Tras estas afirmaciones, que corresponde analizar en frío, se señaló que se había instruido a la ANC, para que, a través de la “Comisión de la Verdad”, evaluara cada caso y articulara lo que fuera necesario para que algunos presos políticos (aún no está claro quiénes o cuántos serían, ni cuáles serían los criterios que se utilizarían para determinarlos) salieran de su injusto encierro.

Ese mismo jueves pudimos tener noticia de que, cumpliendo de manera expedita la orden presidencial (lo cual demuestra la nula independencia de nuestro poder judicial) ya se habían emitido las primeras boletas de excarcelación, a saber 26, de las cuales 20 estaban referidas a presos políticos. Como es lamentablemente costumbre, no fueron ejecutadas de inmediato, como lo ordena la Constitución, sino al día siguiente, progresivamente, hasta que se completó un primer lote de excarcelaciones de veinte personas. Un poco más tarde, el mismo viernes, fueron excarceladas dos personas más, y el día sábado (no el viernes, como algunos lo afirmaron) fueron también excarcelados también el norteamericano Joshua Holt y su esposa. En total, hasta el momento en el que escribo estas líneas, habían salido de la prisión, por órdenes de Maduro, 24 personas.

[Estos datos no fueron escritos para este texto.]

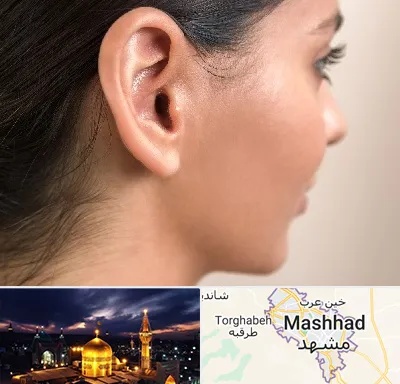 عمل گوش بل در مشهد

Salvedad hecha de Joshua Holt y de su esposa, que fueron enviados de inmediato a los EEUU, ninguno de los otros excarcelados obtuvo su libertad plena. A todos se les mantuvo el proceso penal abierto y a todos se les impusieron medidas cautelares, que implican, en diferentes modalidades, una libertad restringida o limitada. Esto implica que, si bien ya no están presos, no han sido en realidad liberados, sino excarcelados. Las investigaciones contra ellos se mantienen abiertas y, en cualquier momento, podrían volver a prisión si el poder así lo desea. Así están las cosas, lo reitero, al menos hasta el momento en el que preparo esta entrega.

Maduro ha promocionado su propuesta como un “gesto” de “buena voluntad”, pero varios elementos nos permiten dudar de tales “buenos propósitos”. Como punto previo, cabe destacar que concederle la libertad a quien nunca debió estar encarcelado no es un “gesto”, un “beneficio”, una “gracia” ni un “regalo” presidencial, por el contrario, es una obligación del gobierno. Partir de una premisa distinta significa aceptar lo inaceptable pues, aunque en nuestro país no exista el Estado de Derecho, según nuestra Carta Magna el poder está sometido a la Constitución, a las Leyes y a los Tratados Internacionales sobre DDHH vigentes en Venezuela, no al revés.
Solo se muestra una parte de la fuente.